THE PROBLEM:
Of all the lines below, output only those starting at the one with "A lady walks" and ending at the one with "a front door", both ends included, exactly as written.
(LISTED RECORDS)
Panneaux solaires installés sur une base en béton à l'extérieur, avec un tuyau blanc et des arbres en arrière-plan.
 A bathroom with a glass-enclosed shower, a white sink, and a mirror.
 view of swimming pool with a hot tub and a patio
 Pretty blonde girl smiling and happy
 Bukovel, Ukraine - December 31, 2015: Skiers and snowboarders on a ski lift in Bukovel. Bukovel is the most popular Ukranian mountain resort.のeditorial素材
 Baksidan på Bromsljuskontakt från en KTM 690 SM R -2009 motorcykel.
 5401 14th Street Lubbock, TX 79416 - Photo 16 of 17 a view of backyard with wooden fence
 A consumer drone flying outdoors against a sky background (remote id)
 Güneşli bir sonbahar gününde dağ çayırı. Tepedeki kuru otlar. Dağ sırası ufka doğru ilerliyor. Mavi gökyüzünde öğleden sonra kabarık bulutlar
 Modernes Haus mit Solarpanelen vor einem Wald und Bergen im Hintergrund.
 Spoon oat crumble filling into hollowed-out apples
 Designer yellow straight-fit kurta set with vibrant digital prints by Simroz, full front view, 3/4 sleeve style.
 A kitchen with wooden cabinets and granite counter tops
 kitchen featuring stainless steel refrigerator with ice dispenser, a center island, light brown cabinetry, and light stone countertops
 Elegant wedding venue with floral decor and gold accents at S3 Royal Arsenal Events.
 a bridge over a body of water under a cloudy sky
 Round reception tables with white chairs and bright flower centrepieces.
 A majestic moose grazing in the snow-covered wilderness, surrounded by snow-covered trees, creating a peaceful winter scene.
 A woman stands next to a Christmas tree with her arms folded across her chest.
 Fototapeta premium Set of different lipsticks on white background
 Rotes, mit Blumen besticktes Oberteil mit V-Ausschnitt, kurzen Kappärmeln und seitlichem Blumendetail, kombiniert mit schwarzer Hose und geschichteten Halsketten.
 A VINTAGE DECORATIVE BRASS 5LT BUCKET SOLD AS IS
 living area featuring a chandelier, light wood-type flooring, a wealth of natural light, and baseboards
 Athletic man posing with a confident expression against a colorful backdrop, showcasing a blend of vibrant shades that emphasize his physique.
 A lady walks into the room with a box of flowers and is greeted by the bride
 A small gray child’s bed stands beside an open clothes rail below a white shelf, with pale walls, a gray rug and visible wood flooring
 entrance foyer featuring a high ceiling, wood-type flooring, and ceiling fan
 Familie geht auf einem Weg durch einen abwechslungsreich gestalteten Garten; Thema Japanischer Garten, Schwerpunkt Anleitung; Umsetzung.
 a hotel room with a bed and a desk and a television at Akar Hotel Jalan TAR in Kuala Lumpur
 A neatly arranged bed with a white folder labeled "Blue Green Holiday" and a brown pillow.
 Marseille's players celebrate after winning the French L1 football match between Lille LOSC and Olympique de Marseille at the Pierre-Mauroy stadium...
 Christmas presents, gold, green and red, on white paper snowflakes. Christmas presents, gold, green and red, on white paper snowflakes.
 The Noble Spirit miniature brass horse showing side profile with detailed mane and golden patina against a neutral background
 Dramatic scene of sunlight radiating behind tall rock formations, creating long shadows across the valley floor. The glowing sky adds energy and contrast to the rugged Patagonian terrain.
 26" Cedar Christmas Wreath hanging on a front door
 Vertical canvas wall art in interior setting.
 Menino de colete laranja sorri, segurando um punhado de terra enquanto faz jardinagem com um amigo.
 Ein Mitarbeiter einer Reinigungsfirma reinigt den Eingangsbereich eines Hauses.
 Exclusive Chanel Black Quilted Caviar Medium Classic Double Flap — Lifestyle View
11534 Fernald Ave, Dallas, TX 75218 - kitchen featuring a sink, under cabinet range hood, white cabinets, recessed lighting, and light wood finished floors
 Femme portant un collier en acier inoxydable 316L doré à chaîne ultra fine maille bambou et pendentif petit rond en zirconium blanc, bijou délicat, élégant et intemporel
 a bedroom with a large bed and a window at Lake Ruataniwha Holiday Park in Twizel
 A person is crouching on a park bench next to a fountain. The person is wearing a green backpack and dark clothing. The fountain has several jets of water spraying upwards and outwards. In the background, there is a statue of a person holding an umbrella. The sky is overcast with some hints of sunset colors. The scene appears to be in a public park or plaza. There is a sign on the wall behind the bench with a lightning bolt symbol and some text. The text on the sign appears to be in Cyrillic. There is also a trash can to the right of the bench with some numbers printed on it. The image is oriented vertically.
(End LISTED RECORDS)
RESULT OF THIS EXERCISE:
 A lady walks into the room with a box of flowers and is greeted by the bride
 A small gray child’s bed stands beside an open clothes rail below a white shelf, with pale walls, a gray rug and visible wood flooring
 entrance foyer featuring a high ceiling, wood-type flooring, and ceiling fan
 Familie geht auf einem Weg durch einen abwechslungsreich gestalteten Garten; Thema Japanischer Garten, Schwerpunkt Anleitung; Umsetzung.
 a hotel room with a bed and a desk and a television at Akar Hotel Jalan TAR in Kuala Lumpur
 A neatly arranged bed with a white folder labeled "Blue Green Holiday" and a brown pillow.
 Marseille's players celebrate after winning the French L1 football match between Lille LOSC and Olympique de Marseille at the Pierre-Mauroy stadium...
 Christmas presents, gold, green and red, on white paper snowflakes. Christmas presents, gold, green and red, on white paper snowflakes.
 The Noble Spirit miniature brass horse showing side profile with detailed mane and golden patina against a neutral background
 Dramatic scene of sunlight radiating behind tall rock formations, creating long shadows across the valley floor. The glowing sky adds energy and contrast to the rugged Patagonian terrain.
 26" Cedar Christmas Wreath hanging on a front door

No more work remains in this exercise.